DESCRIPTION OF THE TASK = Write out the entries below exactly, but only from the line containing "Gymax Bookshelf Geometric" through the line containing "Elegantes Watercolor Rosa", and without the pictures.

DATA FOR THIS EXERCISE =
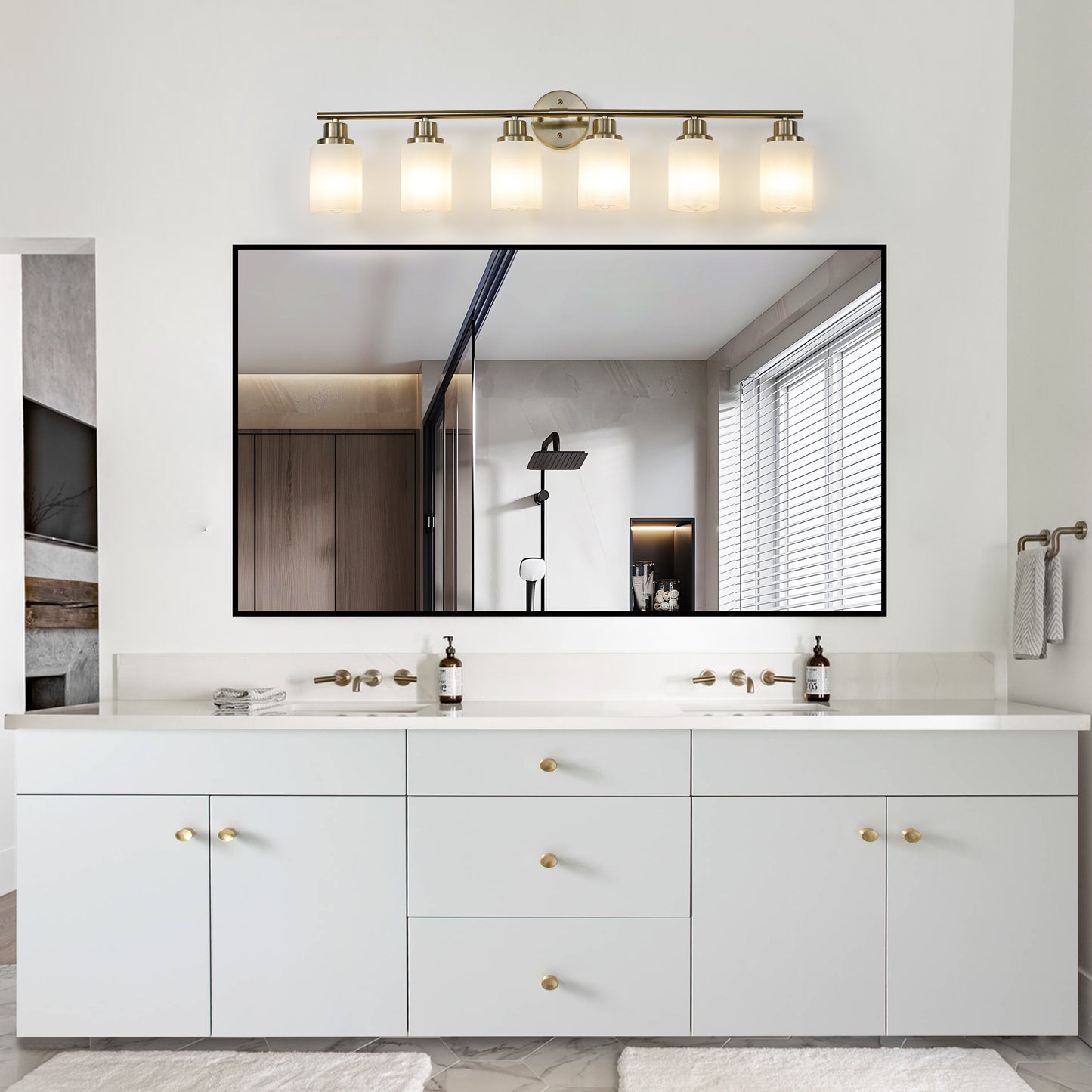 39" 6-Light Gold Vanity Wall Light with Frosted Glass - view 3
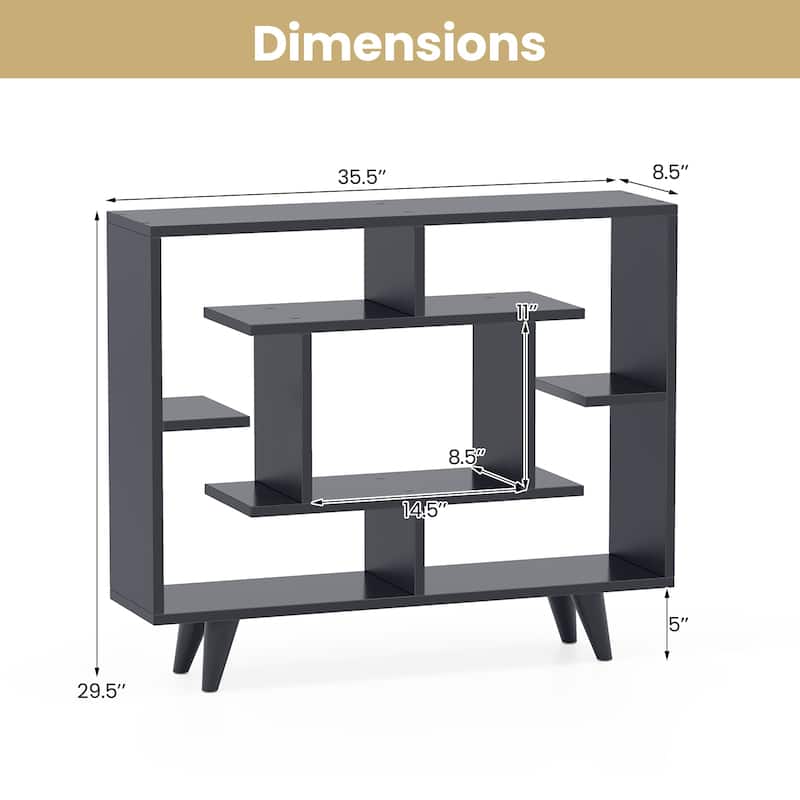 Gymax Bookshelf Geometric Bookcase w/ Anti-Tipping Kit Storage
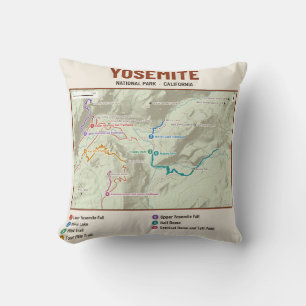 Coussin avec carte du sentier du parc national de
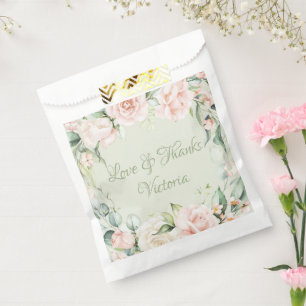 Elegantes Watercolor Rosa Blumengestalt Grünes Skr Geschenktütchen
---
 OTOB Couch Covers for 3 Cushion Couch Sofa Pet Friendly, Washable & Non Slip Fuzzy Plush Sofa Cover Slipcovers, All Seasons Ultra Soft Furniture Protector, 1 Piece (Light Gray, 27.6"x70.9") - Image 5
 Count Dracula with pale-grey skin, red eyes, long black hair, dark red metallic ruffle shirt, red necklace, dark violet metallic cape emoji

RESULT OF THE EXERCISE =
 Gymax Bookshelf Geometric Bookcase w/ Anti-Tipping Kit Storage
 Coussin avec carte du sentier du parc national de
 Elegantes Watercolor Rosa Blumengestalt Grünes Skr Geschenktütchen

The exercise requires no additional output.